— Exercise directions —
The answer is the line with "Preview for 29 page of LG KP170 User Manual" and every line after it to the end of the listing, retyped exactly. Pictures do not belong in it.

— Records for processing —
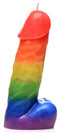XR Brands Master Series Pride Pecker Rainbow Dick Drip Candle at $19.99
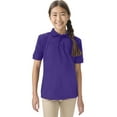 thumbnail image 3 of Classroom School Uniforms Adult Short Sleeve Pique Polo CR832X, 4XL, Dark Purple, 3 of 7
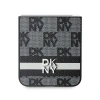 Чохол DKNY Chequered Pattern Printed Stripes для Samsung Galaxy Z Flip6 | Z Flip7 FE Black (DKHCZF6PCPTSSK)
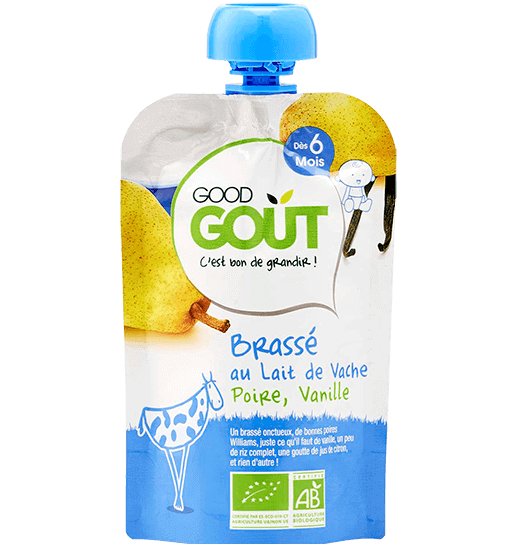 GOOD GOUT BRASSE POIRE VANILLE 90G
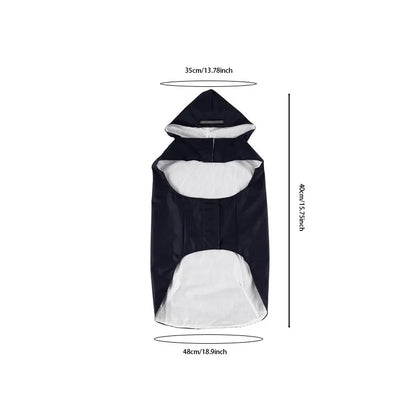 9 Sizes, Dog Raincoat Small, Medium and Large Dogs, Waterproof Hooded Rain Jacket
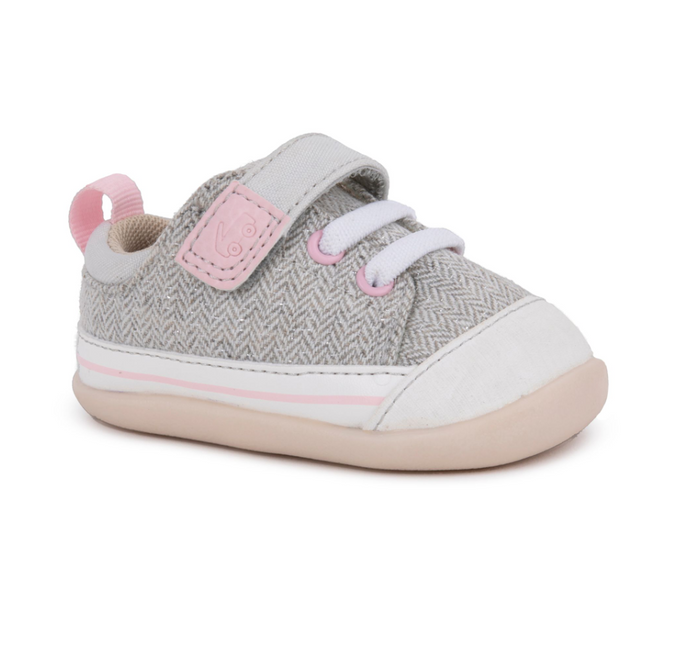 Stevie Mini Gray Herringbone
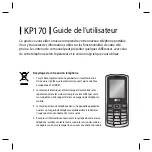 Preview for 29 page of LG KP170 User Manual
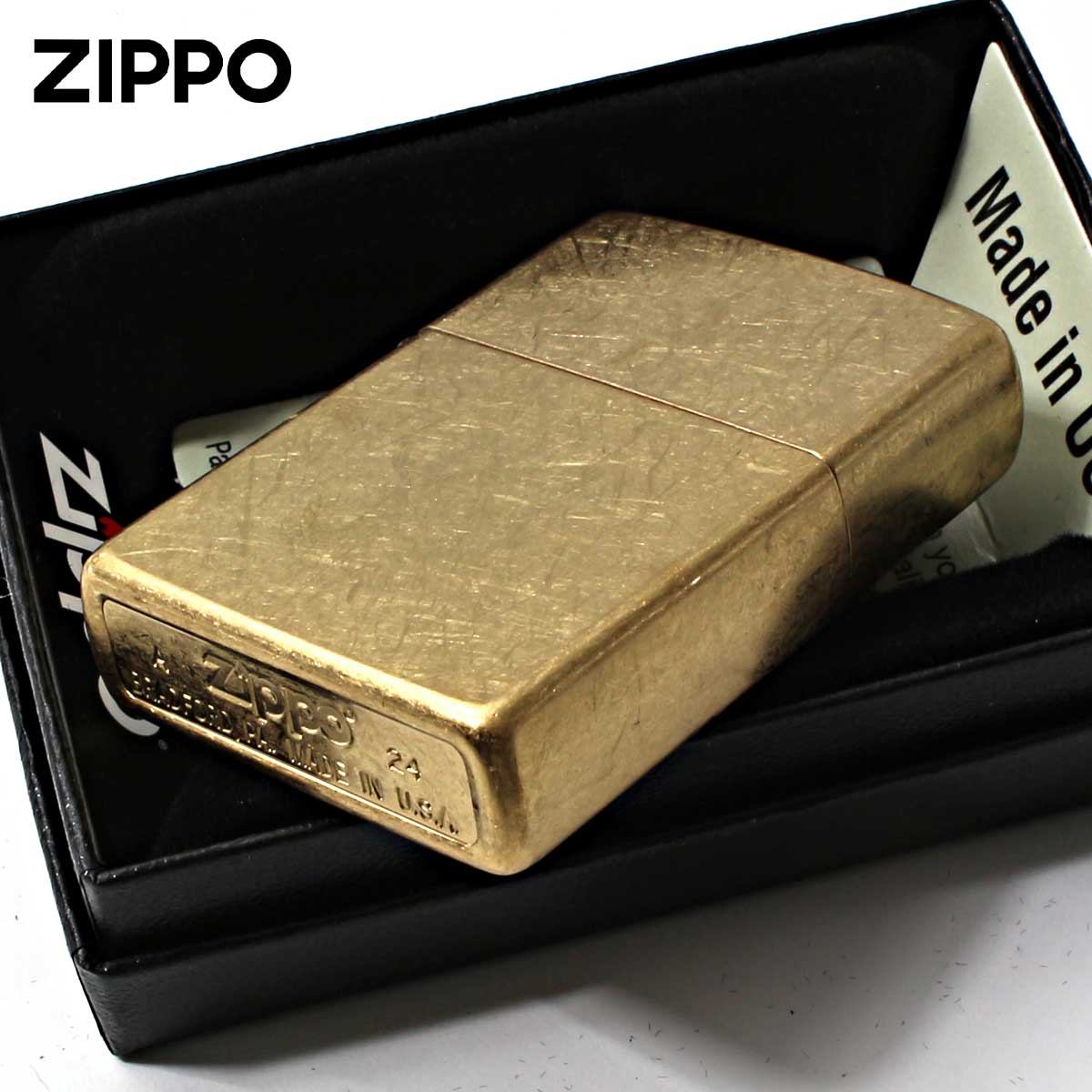 ZIPPO（ジッポー） ジッポライター 無地 ストリートクローム 真鍮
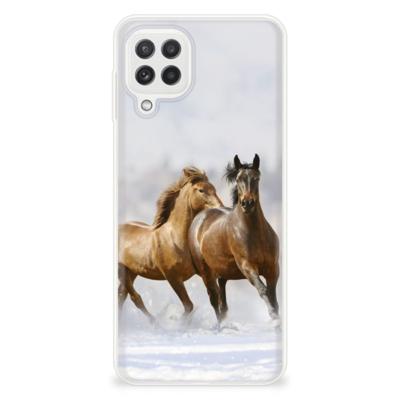 Samsung Galaxy A22 4G | M22 | TPU Hoesje | Paarden Samsung Galaxy A22 4G | M22 | TPU Hoesje | Paarden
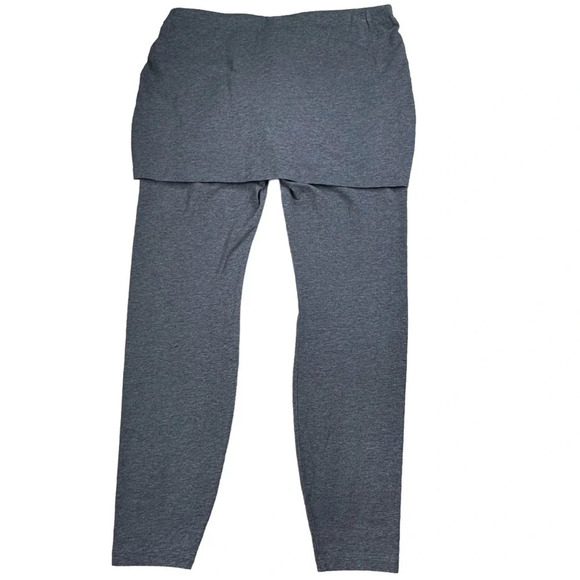 Cabi M'Leggings Crossover Skirt Leggings Heather Gray Size Small Style 5318 - Picture 3 of 12
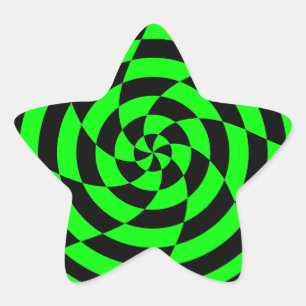 Corey Tiger 80s Vintage Op Art Star Sticker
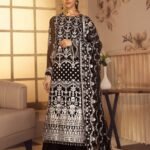 Noor E Rang By Zarif Luxury Unstitched Chiffon 3Pc Suit ZF-11 Riwaj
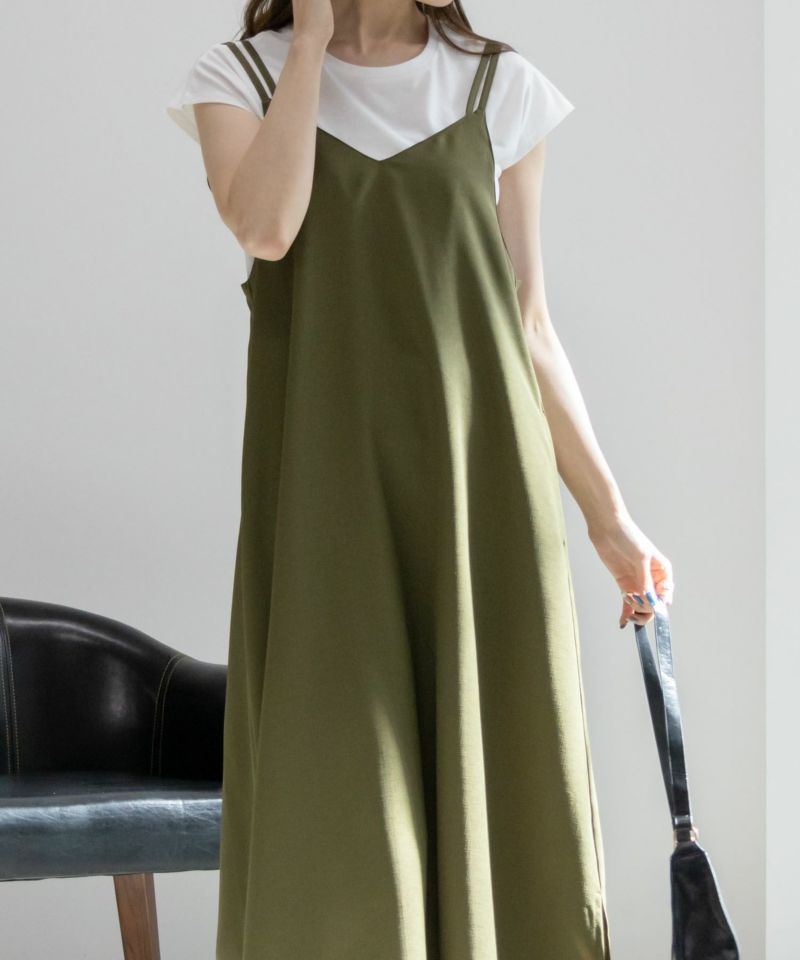 NAVY 麻ライクキャミワンピースアンサンブル レディース商品画像-5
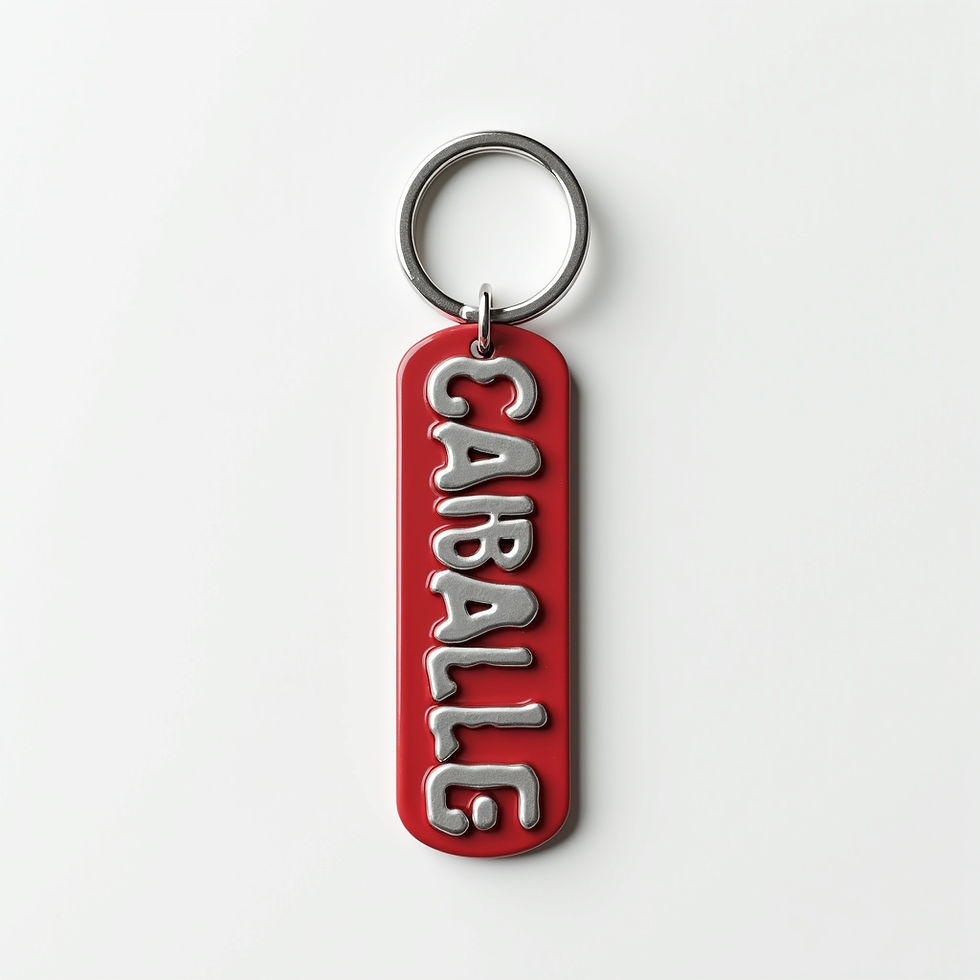 Capable Tag Keychain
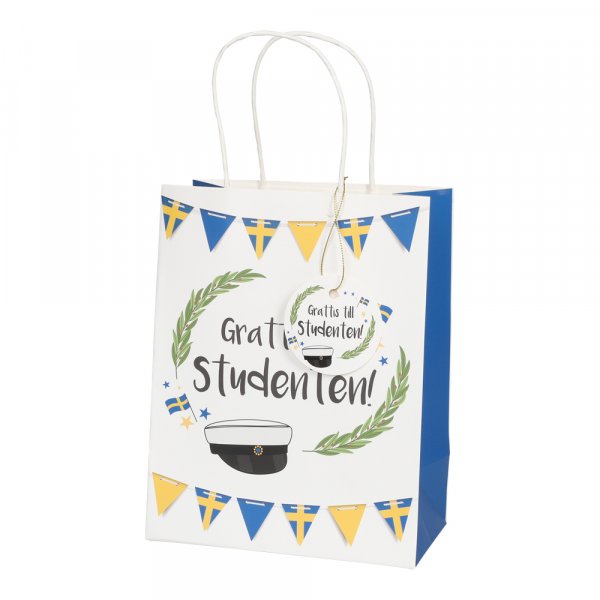 Geschenktüte - 17,5 x 23 cm - Herzlichen Glückwunsch an den Absolventen! Geschenktüte - 17,5 x 23 cm - Herzlichen Glückwunsch an den Absolventen!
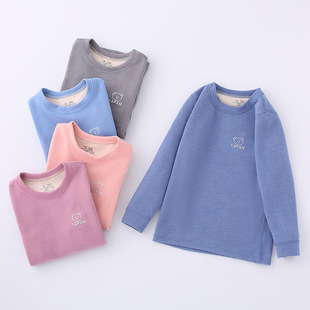 Children's woolen set, winter keep warm underwear, for teenagers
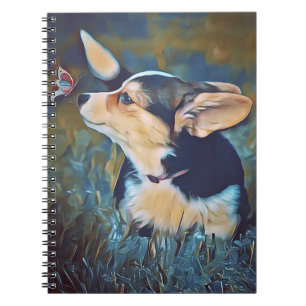 Cuaderno Corgi con la mariposa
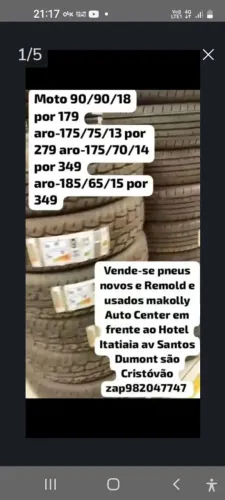 Vende-se pneus novos e usados zap *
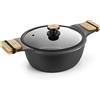 BRA Market | Casseruola alta 32 cm, Alluminio fuso, antiaderente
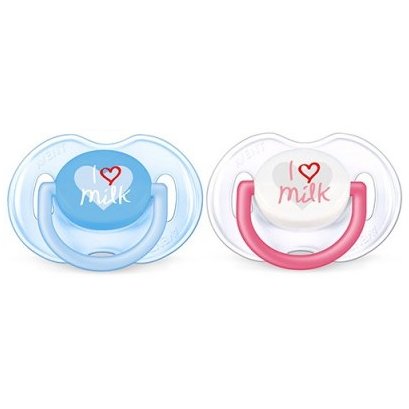 Classic Pacifier Pack Blue Pink 0 - 6 Months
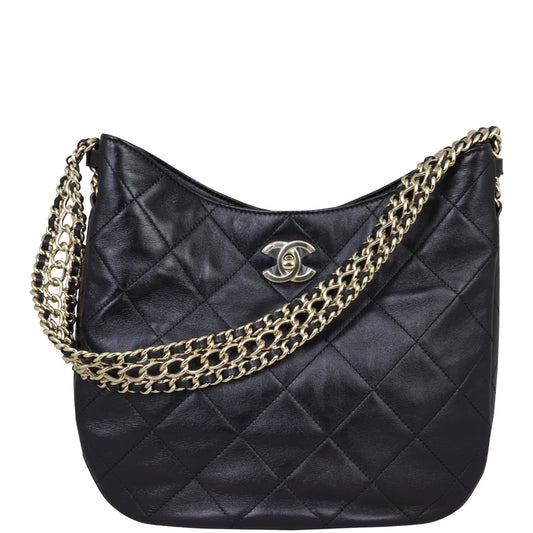 Chanel CC Lambskin Hobo Hobo Bag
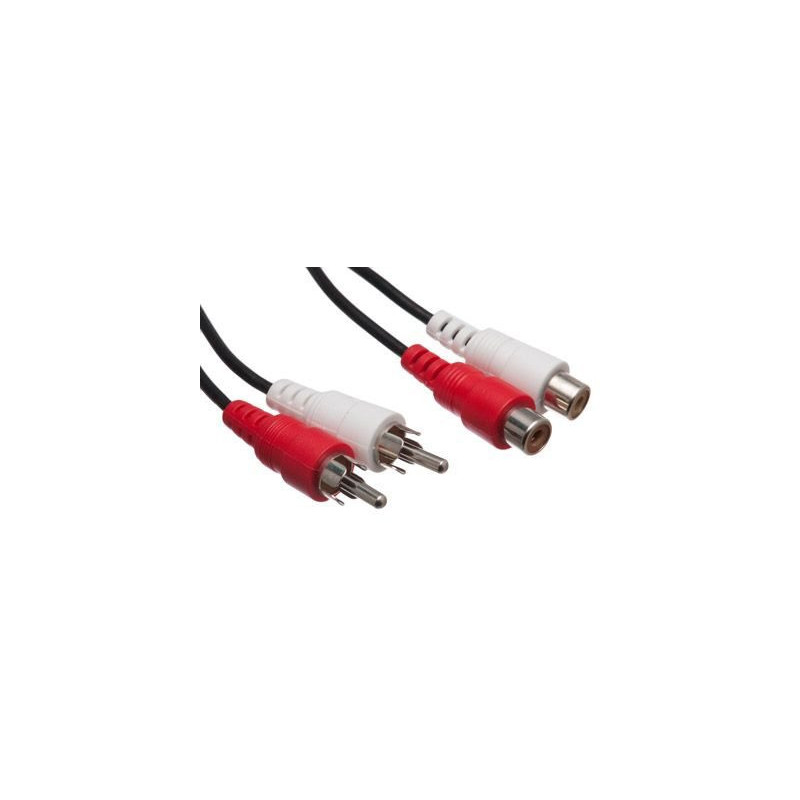Dual RCA Male/Female Extension Cable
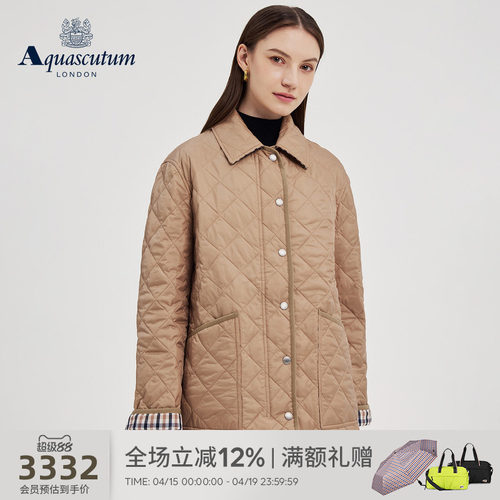 【雅格狮丹】女士菱格棉服外套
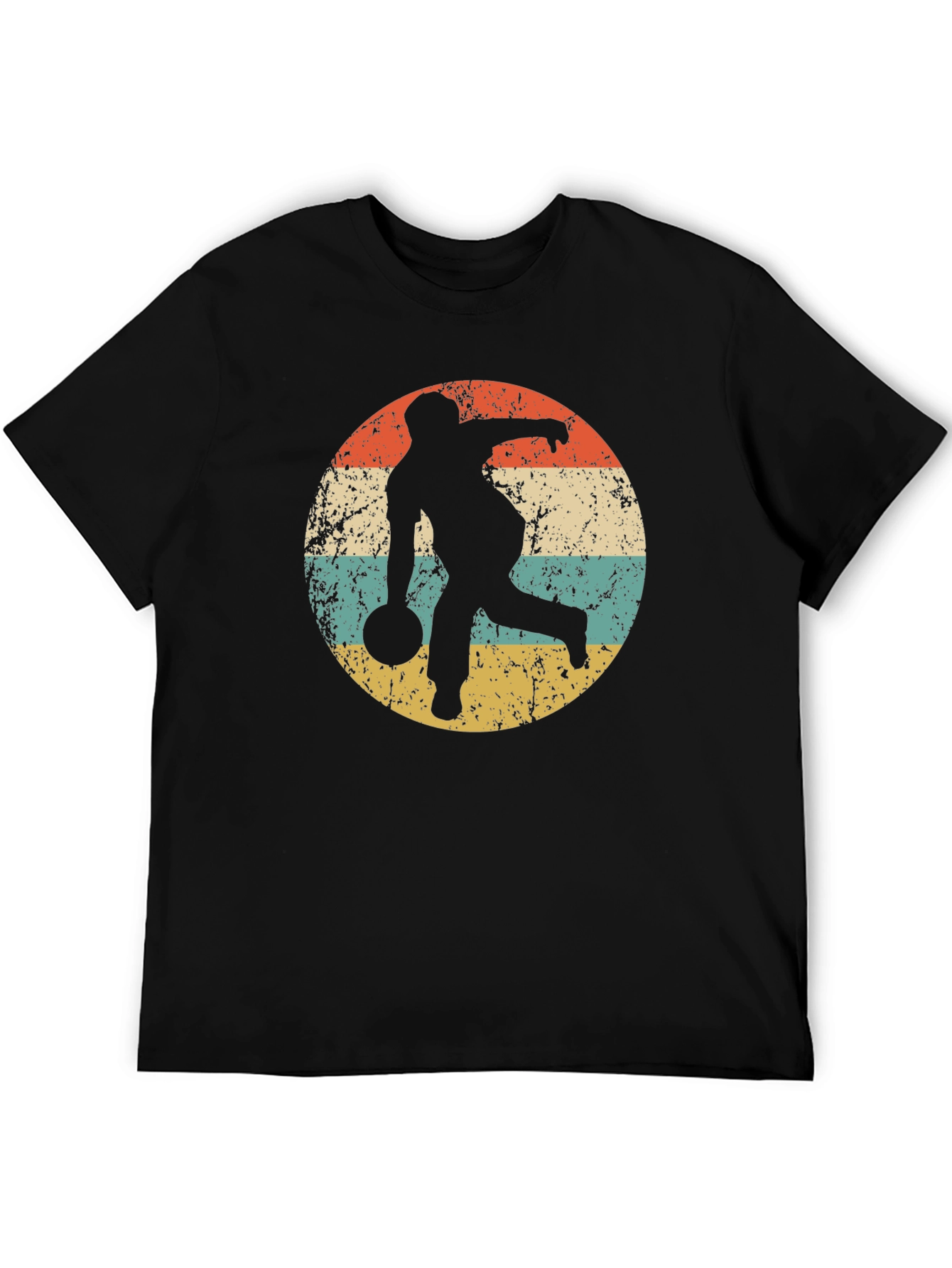 Retro Bowling T-Shirt - Strike Design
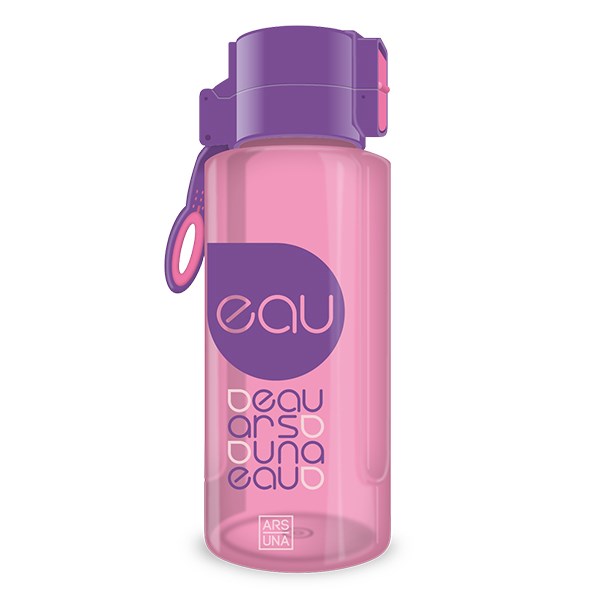 Kulacs ARS UNA műanyag BPA-mentes 650 ml rózsaszín-lila kép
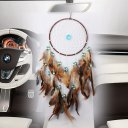 Dream Catcher with Iron Ring Feathers Wooden Beads for Craft Gift MS6059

— Task answer —
 Preview for 29 page of LG KP170 User Manual
 ZIPPO（ジッポー） ジッポライター 無地 ストリートクローム 真鍮
 Samsung Galaxy A22 4G | M22 | TPU Hoesje | Paarden Samsung Galaxy A22 4G | M22 | TPU Hoesje | Paarden
 Cabi M'Leggings Crossover Skirt Leggings Heather Gray Size Small Style 5318 - Picture 3 of 12
 Corey Tiger 80s Vintage Op Art Star Sticker
 Noor E Rang By Zarif Luxury Unstitched Chiffon 3Pc Suit ZF-11 Riwaj
 NAVY 麻ライクキャミワンピースアンサンブル レディース商品画像-5
 Capable Tag Keychain
 Geschenktüte - 17,5 x 23 cm - Herzlichen Glückwunsch an den Absolventen! Geschenktüte - 17,5 x 23 cm - Herzlichen Glückwunsch an den Absolventen!
 Children's woolen set, winter keep warm underwear, for teenagers
 Cuaderno Corgi con la mariposa
 Vende-se pneus novos e usados zap *
 BRA Market | Casseruola alta 32 cm, Alluminio fuso, antiaderente
 Classic Pacifier Pack Blue Pink 0 - 6 Months
 Chanel CC Lambskin Hobo Hobo Bag
Dual RCA Male/Female Extension Cable
 【雅格狮丹】女士菱格棉服外套
 Retro Bowling T-Shirt - Strike Design
 Kulacs ARS UNA műanyag BPA-mentes 650 ml rózsaszín-lila kép
 Dream Catcher with Iron Ring Feathers Wooden Beads for Craft Gift MS6059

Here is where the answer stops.